LISTED RECORDS
□ □ □ □
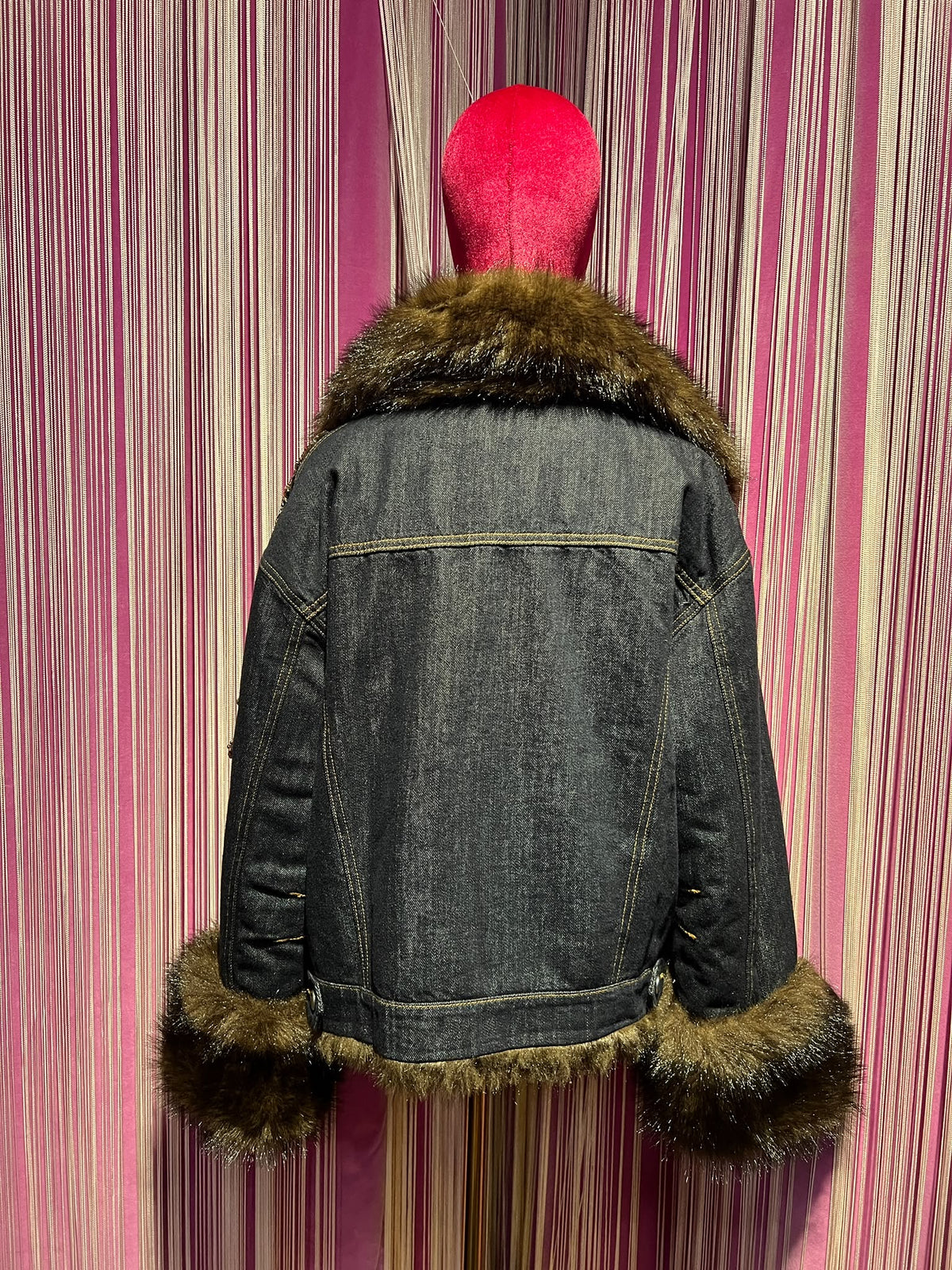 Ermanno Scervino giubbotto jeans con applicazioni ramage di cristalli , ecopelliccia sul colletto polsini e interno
□ □ □ □
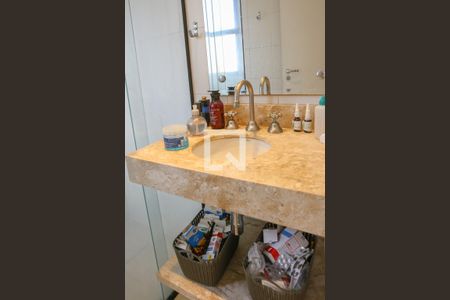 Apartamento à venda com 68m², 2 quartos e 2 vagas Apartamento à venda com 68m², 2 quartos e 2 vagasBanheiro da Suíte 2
□ □ □ □
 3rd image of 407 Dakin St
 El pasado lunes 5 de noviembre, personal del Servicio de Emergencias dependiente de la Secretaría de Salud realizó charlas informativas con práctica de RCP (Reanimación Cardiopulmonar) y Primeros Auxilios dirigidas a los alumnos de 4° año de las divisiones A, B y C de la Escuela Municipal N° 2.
□ □ □ □
EXERCISE REQUIREMENTS
From the records above, copy only the lines starting with the line that holds "3rd image of 407 Dakin St" and going on through the line that holds "El pasado lunes", exactly as written.

THE COMPLETED TASK
 3rd image of 407 Dakin St
 El pasado lunes 5 de noviembre, personal del Servicio de Emergencias dependiente de la Secretaría de Salud realizó charlas informativas con práctica de RCP (Reanimación Cardiopulmonar) y Primeros Auxilios dirigidas a los alumnos de 4° año de las divisiones A, B y C de la Escuela Municipal N° 2.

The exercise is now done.